To further illustrate the effect of HSP nanocomposite hydrogels with various SS content on the L929 cell activity, the SEM images of L929 cells on the surface of HSP0 and HSP10 nanocomposite hydrogels were compared, which can be found from Fig. 7. It can be seen that the surfaces of HSP0 and HSP10 nanocomposite hydrogels fixed by glutaraldehyde are close texture. On culturing 3d, L929 cells present good cell growth on the surfaces of HSP0 and HSP10 nanocomposite hydrogels.

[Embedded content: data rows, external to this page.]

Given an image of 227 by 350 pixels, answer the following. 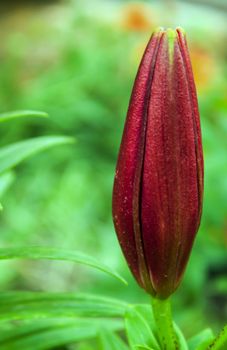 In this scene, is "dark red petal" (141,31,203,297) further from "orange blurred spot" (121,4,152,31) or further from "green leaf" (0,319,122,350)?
"orange blurred spot" (121,4,152,31)

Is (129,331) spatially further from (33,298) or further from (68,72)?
(68,72)

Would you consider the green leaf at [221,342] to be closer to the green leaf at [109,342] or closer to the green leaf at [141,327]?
the green leaf at [141,327]

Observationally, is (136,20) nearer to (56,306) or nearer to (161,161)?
(56,306)

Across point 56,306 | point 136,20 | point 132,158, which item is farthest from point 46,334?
point 136,20

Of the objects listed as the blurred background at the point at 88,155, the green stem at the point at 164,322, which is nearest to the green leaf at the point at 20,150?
the green stem at the point at 164,322

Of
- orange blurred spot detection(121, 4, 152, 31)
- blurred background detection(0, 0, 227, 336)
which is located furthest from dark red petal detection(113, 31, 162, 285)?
orange blurred spot detection(121, 4, 152, 31) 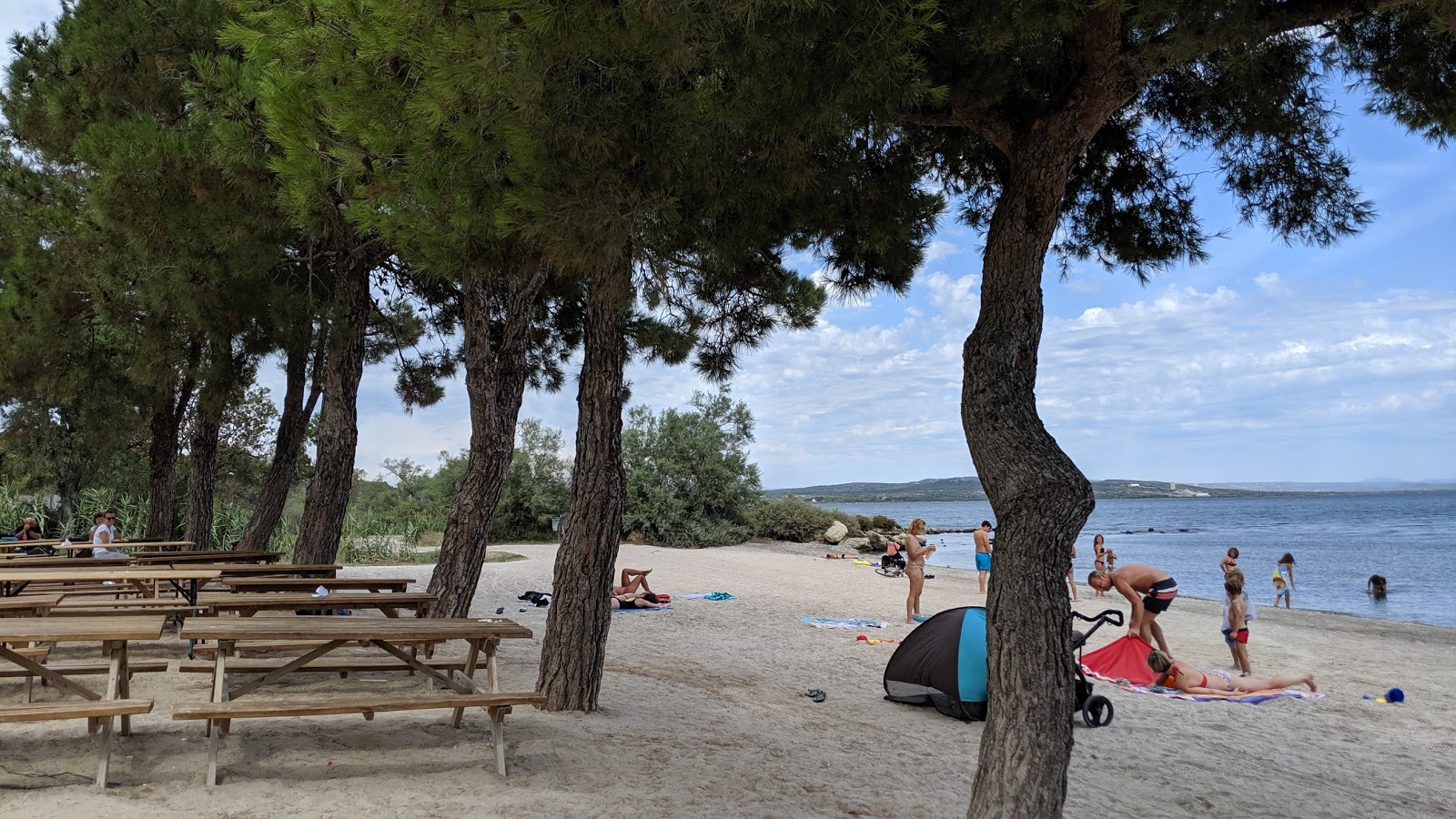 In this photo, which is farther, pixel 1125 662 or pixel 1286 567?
pixel 1286 567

After culturing day 7, L929 cells still proliferate on the surface of HSP0, but excessive multiplication or dead cells has occurred on the surface of HSP10. Therefore, it is reasonable to assume that the incorporation of SS could promote the proliferation of L929 cells on the surface of HSP nanocomposite hydrogels.

Fig. 7

SEM micrographs (300×) of L929 cells attached on the surface of HSP0 and HSP10 after culturing 0, 3, and 7 days, respectively.

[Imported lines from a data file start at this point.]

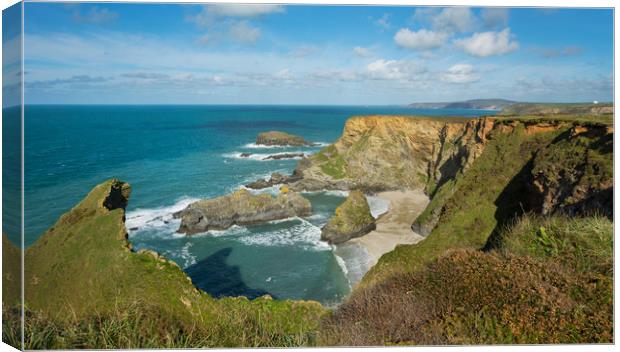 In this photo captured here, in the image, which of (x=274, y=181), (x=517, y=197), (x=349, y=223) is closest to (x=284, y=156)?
(x=274, y=181)

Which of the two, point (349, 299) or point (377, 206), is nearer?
point (349, 299)

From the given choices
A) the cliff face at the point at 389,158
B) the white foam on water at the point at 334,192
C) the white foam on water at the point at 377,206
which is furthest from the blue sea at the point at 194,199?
the white foam on water at the point at 377,206

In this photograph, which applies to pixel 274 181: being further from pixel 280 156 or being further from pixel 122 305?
pixel 122 305

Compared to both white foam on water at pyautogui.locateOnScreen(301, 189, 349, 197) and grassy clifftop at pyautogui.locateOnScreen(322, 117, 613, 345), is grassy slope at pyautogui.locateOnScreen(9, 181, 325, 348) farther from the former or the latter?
white foam on water at pyautogui.locateOnScreen(301, 189, 349, 197)

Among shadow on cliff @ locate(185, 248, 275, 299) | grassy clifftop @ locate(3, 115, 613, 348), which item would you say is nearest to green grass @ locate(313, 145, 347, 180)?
shadow on cliff @ locate(185, 248, 275, 299)

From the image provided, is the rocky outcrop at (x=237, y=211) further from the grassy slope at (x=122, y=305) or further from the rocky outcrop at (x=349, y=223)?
the grassy slope at (x=122, y=305) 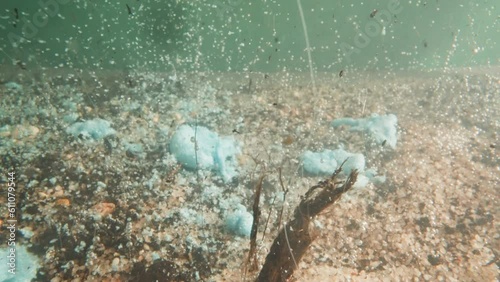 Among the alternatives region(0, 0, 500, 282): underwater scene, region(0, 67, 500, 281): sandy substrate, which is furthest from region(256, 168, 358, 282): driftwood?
region(0, 67, 500, 281): sandy substrate

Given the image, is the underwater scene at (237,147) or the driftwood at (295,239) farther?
the underwater scene at (237,147)

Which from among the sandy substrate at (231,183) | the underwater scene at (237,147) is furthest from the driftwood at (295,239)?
the sandy substrate at (231,183)

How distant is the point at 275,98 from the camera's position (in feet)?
13.3

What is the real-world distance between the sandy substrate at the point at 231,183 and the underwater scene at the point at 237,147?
14 mm

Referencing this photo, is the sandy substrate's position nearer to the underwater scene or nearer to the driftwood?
the underwater scene

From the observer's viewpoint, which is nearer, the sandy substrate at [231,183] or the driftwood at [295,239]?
the driftwood at [295,239]

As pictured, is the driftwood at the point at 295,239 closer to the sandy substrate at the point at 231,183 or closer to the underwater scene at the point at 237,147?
the underwater scene at the point at 237,147

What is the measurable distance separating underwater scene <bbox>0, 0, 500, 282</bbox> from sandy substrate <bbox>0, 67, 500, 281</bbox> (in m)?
0.01

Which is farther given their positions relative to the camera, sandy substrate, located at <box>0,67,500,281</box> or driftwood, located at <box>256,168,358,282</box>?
sandy substrate, located at <box>0,67,500,281</box>

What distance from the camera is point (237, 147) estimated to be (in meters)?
3.14

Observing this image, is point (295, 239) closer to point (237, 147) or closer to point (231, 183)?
point (231, 183)

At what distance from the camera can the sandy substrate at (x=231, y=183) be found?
2119 millimetres

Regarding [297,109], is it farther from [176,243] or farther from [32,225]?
[32,225]

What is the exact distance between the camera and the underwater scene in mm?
2102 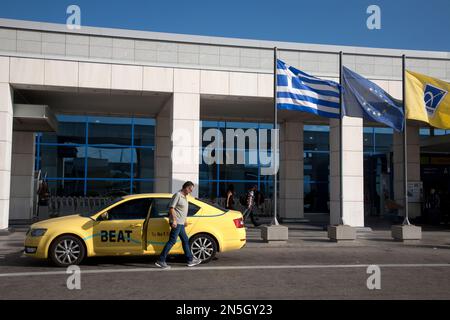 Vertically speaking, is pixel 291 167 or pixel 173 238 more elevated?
pixel 291 167

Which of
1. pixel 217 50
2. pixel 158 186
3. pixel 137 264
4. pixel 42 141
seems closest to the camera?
pixel 137 264

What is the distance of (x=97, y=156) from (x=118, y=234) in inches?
736

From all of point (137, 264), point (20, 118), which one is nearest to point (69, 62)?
point (20, 118)

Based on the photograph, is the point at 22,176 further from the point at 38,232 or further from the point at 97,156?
the point at 38,232

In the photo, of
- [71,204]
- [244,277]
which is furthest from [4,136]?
[71,204]

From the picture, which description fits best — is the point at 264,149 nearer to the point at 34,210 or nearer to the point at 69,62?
the point at 34,210

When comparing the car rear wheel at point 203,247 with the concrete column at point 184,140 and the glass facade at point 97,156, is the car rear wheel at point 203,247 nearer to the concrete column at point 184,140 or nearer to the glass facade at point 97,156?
the concrete column at point 184,140

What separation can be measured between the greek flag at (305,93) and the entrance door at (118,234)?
5765 millimetres

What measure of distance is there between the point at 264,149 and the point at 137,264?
2056cm

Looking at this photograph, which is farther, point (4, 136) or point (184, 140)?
point (184, 140)

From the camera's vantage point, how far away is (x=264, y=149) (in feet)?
99.2

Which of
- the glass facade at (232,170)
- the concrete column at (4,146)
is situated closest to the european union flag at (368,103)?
the concrete column at (4,146)

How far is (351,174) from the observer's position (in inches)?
699

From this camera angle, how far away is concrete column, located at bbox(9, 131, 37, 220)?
2039 cm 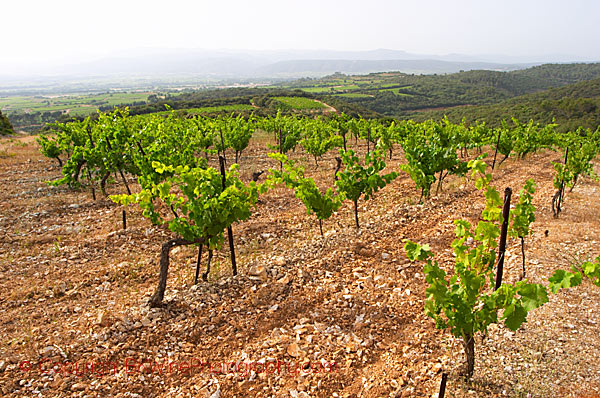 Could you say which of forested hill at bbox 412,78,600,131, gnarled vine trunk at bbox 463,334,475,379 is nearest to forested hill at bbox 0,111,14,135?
gnarled vine trunk at bbox 463,334,475,379

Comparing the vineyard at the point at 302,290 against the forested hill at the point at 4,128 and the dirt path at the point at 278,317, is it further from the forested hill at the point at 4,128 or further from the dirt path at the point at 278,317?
the forested hill at the point at 4,128

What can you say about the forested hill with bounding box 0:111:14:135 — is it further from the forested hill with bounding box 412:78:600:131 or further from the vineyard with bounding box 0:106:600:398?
the forested hill with bounding box 412:78:600:131

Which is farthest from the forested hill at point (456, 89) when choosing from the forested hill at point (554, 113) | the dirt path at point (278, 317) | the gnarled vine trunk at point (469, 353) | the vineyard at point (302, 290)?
the gnarled vine trunk at point (469, 353)

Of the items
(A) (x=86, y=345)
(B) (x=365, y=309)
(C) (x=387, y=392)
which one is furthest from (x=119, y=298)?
(C) (x=387, y=392)

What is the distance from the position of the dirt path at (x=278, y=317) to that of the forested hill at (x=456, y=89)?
9093cm

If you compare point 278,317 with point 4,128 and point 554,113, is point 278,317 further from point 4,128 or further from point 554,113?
point 554,113

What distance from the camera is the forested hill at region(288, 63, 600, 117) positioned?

Figure 8 shows the cell activity of L929 cells on the surfaces of TCPS and HSP nanocomposite hydrogels for culturing 1, 3, 5, and 7 days at 37 °C. It could be seen that, with increasing culturing time from 0 to 7 days at 37 °C, the cell activity increased on the surfaces of both TCPS and HSP nanocomposite hydrogels. But L929 cell activity on the TCPS control surface is always higher than that on HSP nanocomposite hydrogel surface regardless of culturing time. It indicates that L929 cells can adhere and proliferate on the surfaces of HSP nanocomposite hydrogel, similar with TCPS plate. Furthermore, it can be seen that, compared to pure HSP0 nanocomposite hydrogel, the incorporation of SS like HSP05-20 could accelerate cell proliferation to its surface, which is in accordance with the results obtained in Fig. 6 and 7.

Fig. 8

Cell activity on the surface of TCPS and HSP nanocomposite hydrogels using MTT assay. Cells were seeded at 0.5×10⁴ cells/cm² in a medium with 10% FBS. *p<0.05.

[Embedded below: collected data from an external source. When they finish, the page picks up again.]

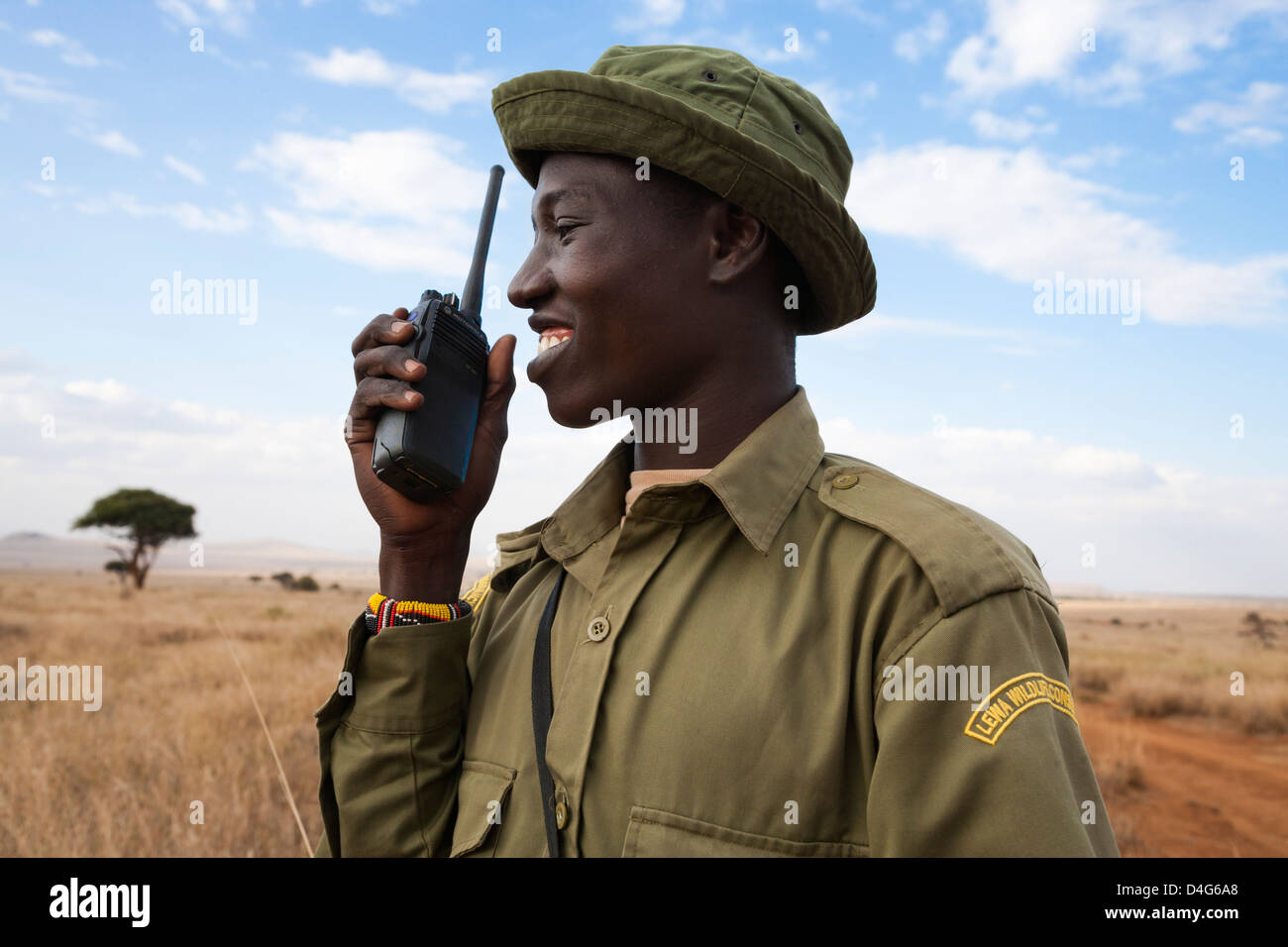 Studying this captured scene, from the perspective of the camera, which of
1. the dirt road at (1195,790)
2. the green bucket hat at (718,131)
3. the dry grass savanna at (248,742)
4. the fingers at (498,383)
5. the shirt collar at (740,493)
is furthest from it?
the dirt road at (1195,790)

Cell detachment via temperature stimulus

As mentioned in Fig. 2, by decreasing the temperature from 37 to 15 °C, the swelling ratios of HSP nanocomposite hydrogels decrease quickly. And then the decrease in volume could accelerate the detachment of L929 cells from the surface of HSP nanocomposite hydrogels. Figure 9 shows the percentage of detached cells from the surfaces of TCPS and HSP nanocomposite hydrogels as a function of treatment time at 15 °C. As shown in Fig. 9, there were almost no L929 cells were detached from TCPS surface within 2 h because TCPS presents nothing thermo-responsive behavior. However, the L929 cells could simultaneously detach from the surface of HSP nanocomposite hydrogels by reducing temperature to below VPTT. Furthermore, in comparison with pure HSP0 hydrogel, more rapid detachment rate of HSP nanocomposite hydrogels with the incorporation of SS could be found. For example, at 0.5 h, the detachment rate of HSP0, HSP05, HSP10, HSP15 and HSP20 are 71.5, 80.4, 83.2, 85.6, and 85.0 %, respectively. In other words, high mass ratios of SS/(NIPAm+SS) could accelerate cell detachment on account of rapid temperature-sensitivity at above and below VPTT of HSP nanocomposite hydrogels.

Fig. 9

The percentage of detached cells from different surfaces as a function of incubation time at 15 °C.

Cell transshipment after lowering temperature and enzymatic digestion

Figure 10 shows the proliferation of L929 cells cultured at 37 °C and detached from the surface of HSP nanocomposite hydrogels after lowering temperature and enzymatic digestion. It is seen that, during the culturing time between day 1 and day 7, the L929 cells via lowering temperature and enzymatic digestion still alive and present good activity, and could re-grow or proliferate, similar with the results of Fig. 8. In addition, the cell activity via lowering temperature from the surface of HSP nanocomposite hydrogel is much higher than that via enzymatic digestion because the damage to L929 cells was avoided.

Fig. 10

Cell transshipment of L929 cells detached from the surface of HSP nanocomposite hydrogels after lowering temperature and enzymatic digestion.